BDO Seidman's "2008 BDO Seidman RiskFactor Report for Technology Businesses," examined the risk factors listed in fiscal 2007 10-K U.S. Securities and Exchange Commission (SEC) filings of the largest 100 publicly-traded U.S. technology companies. Those included in the research range from software, hardware and telecom to Internet and IT services companies.
The risk factors listed in the SEC filings often revealed issues that managers are stressing to shareholders as high-priority issues requiring immediate attention.
Doug Sirotta, a partner in BDO Seidman's Technology Practice, said the findings were an "affirmation of what we already knew," adding "as tech companies move their business internationally, we get questions all the time about local regulations, tax, M&A and the impact of their outsourcing."

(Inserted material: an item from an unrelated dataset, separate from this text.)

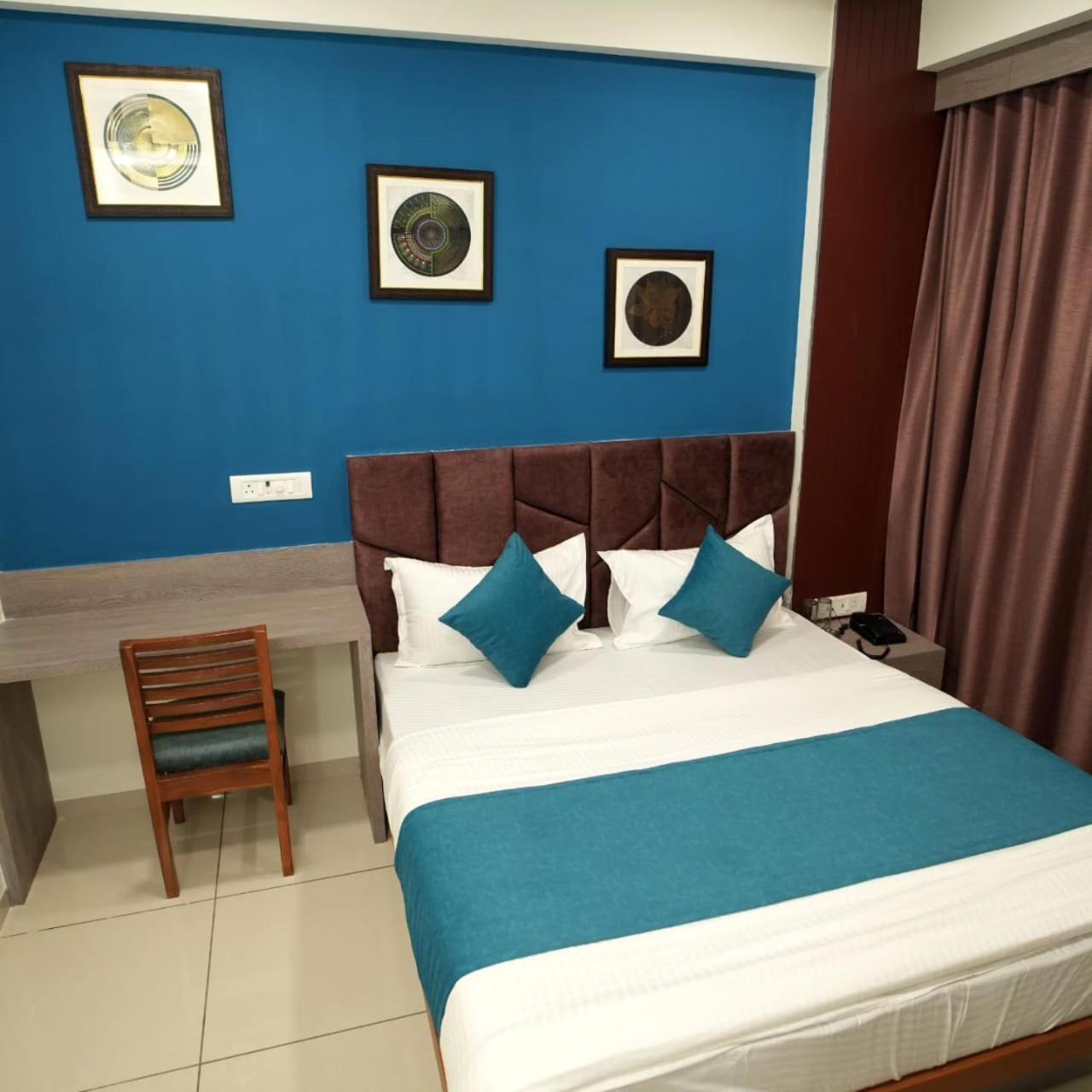 Hotel Hotl Sunsky à Vadodara Extérieur photo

Sirotta also said many tech companies are alarmed by issues relating to intellectual property infringement, legal proceedings, supplier and vendor quality and product liability.
BDO Seidman's top 20 risk factors for the 100 largest U.S. Technology companies were:
1. Competition and consolidation in technology sector (92 percent).
2. Changes to federal, state and local regulations, including tax (87 percent).
3. Management of current and future mergers and acquisitions or divestitures (86 percent).
4. Risks associated with international operations (85 percent).
5. Inability to develop or market new products and services (84 percent).
6. Intellectual property infringement (84 percent).
7. U.S. general economic conditions (73 percent).
8. Inability to attract or retain personnel, including management (72 percent).
9. Pressures on pricing, margins and cost cutting (71 percent).
10. Legal proceedings (70 percent).
11. Cyclical revenue (and subsequent fluctuating stock price) (69 percent).
12. Product liability, quality and safety issues (68 percent).
13. U.S. and foreign supplier and vendor concerns (68 percent). 14. Inability to acquire capital or financing (66 percent).
15. Predicting customer demand (65 percent).
16. Financial risk of customers (58 percent).
17. Failure to properly execute corporate growth strategy (52 percent).
18. Changes to accounting standards and regulations (47 percent).
19. Internal controls and Sarbanes-Oxley disclosure compliance (45 percent).
20. Debt. (44 percent).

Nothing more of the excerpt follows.